Hugo static site generator generates sitemap.xml that include priority zero URLs. These are the taxanomies, tags and categories. To prevent these from appearing in Google Search results, GitLab CI can be configured to remove unwanted XML nodes (priority 0) from sitemap.xml.

Motivation

Need to get rid of taxanomies from sitemap.xml so that they do not appear in Google Search results. Previously, I built and published my blog from my laptop. I had a PowerShell script for removing Hugo taxanomies. After migrating to GitLab CI, I needed a new workaround.

Pre-requisites

You need to have experience in setting up GitLab CI.

Otherwise, please read my earlier post Hugo Static Site Generator with CI Deployment using GitLab.

The solution

The high level idea is simple; let Hugo generate sitemap.xml as-is. Then remove priority 0 URLs from it.

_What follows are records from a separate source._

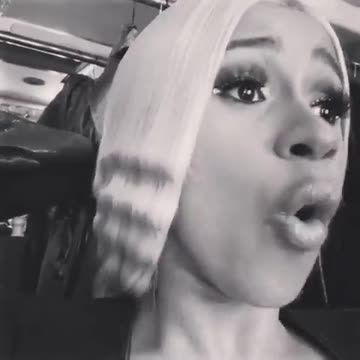 Wat Is Y'all Doin wit Ma Fukkin Money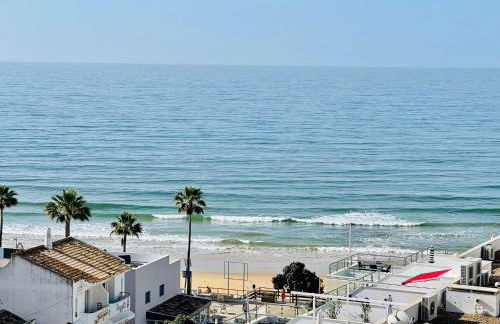 On The BEACH Stunning Apartment Albufeira Olhos de Água - Foto 1
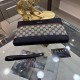 Gucci Gucci   new clutch bag, high-end quality fabrics with imported double G leather, is undoubtedly this season's much sought-after beautiful points! Low-key luxury, feel comfortable, simple and refreshing design more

There are several ways to do this; using i.e. XMLStarlet to remove XML nodes by XPath syntax or Regular Expression. For this, I decided to go with XMLStarlet as I feel it is easier for XML.

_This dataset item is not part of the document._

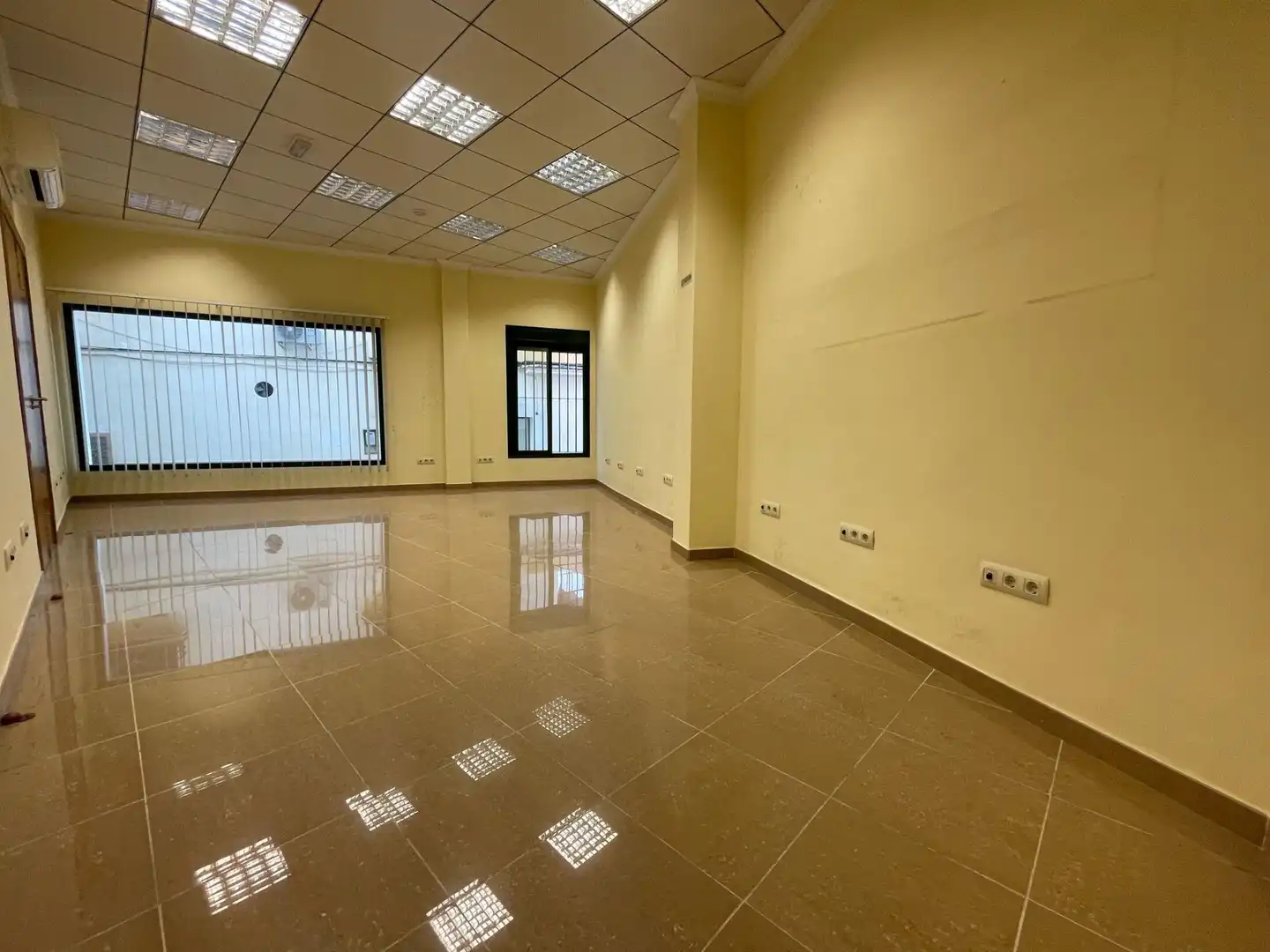 Local commercial à vendre à Marchena, imagen 3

Previously, I was using NodeJS 6.11.x Alpine Docker image which was on an older Alpine 3.4. According to Alpine Linux Packages list, XMLStarlet is available for Alpine 3.5 or higher. As such, I had to change to Node 8.4.0 Alpine Docker image which uses Alpine 3.6.

Below is a snippet of my new GitLab CI YAML .gitlab-ci.yml:

image: node:8.4.0-alpine
before_script:
  - apk update && apk add openssl ca-certificates xmlstarlet git
  - npm install
  - PATH=$(npm bin):$PATH
  - npm run version
pages:
  script:
  - npm run build
  - xml ed --inplace -N x="http://www.sitemaps.org/schemas/sitemap/0.9" -d "//x:url[x:priority='0']" ./public/sitemap.xml
artifacts:
  paths:
  - public
  only:
  - master

The key bits to point out are:

  1. node:8.4.0-alpine - to utilise a NodeJS Docker image that uses Alpine 3.6.
  2. apk add xmlstarlet - to install XMLStarlet package for editing XML.
  3. xml ed ... //x:url[x:priority='0'] - command to remove priority 0 URL nodes.

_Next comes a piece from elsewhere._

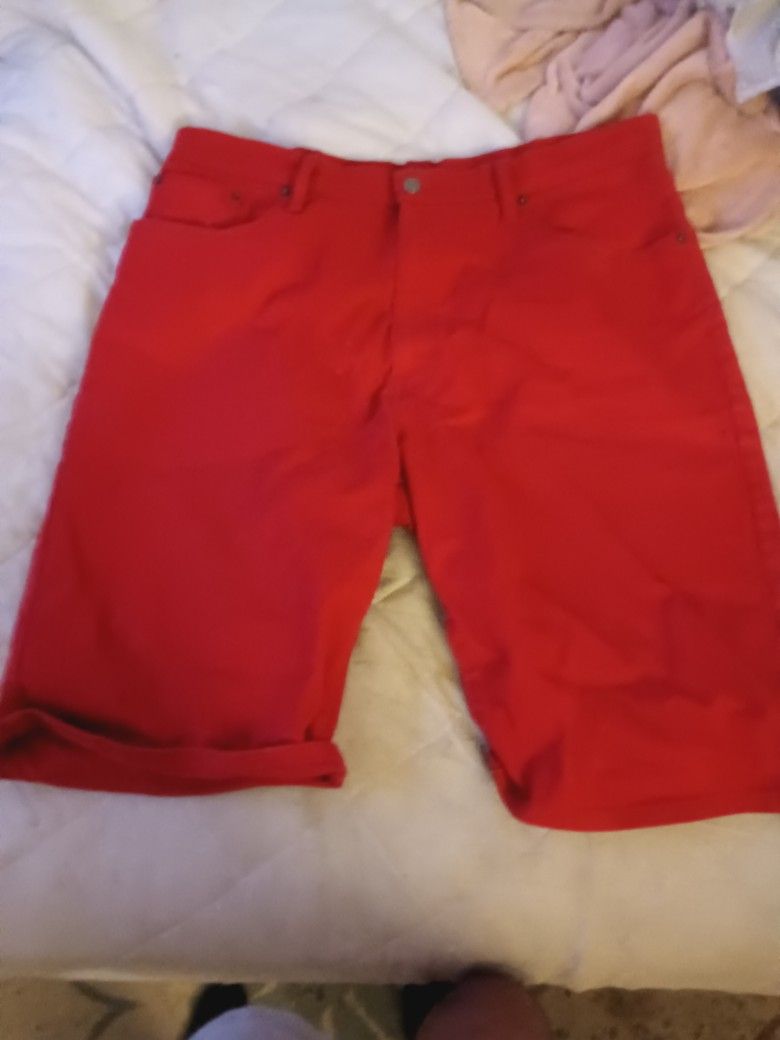 Levi Jean Shorts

For the results, you can inspect my blog’s sitemap.xml.

Alternative solution

If you are using a device that is not supported by Alpine Linux, you may consider this solution. As at January 2018, Alpine is still unavailable for ARMv7.

Use regular NodeJS image.

image: node:8

Below is a snippet of my package.json file making use of pretty-xml:

"scripts": {
  ...
  "build-minify-xml": "cat public/sitemap.xml | pretty-xml --minify | sed -r 's/<url><loc>[^<]+<\\/loc>(<lastmod>[^<]+<\\/lastmod>)?<priority>0<\\/priority><\\/url>//g' | cat > public/sitemap.min.xml && mv public/sitemap.min.xml public/sitemap.xml"
  ...
},
"dependencies": {
  "pretty-xml": "^1.2.1"
}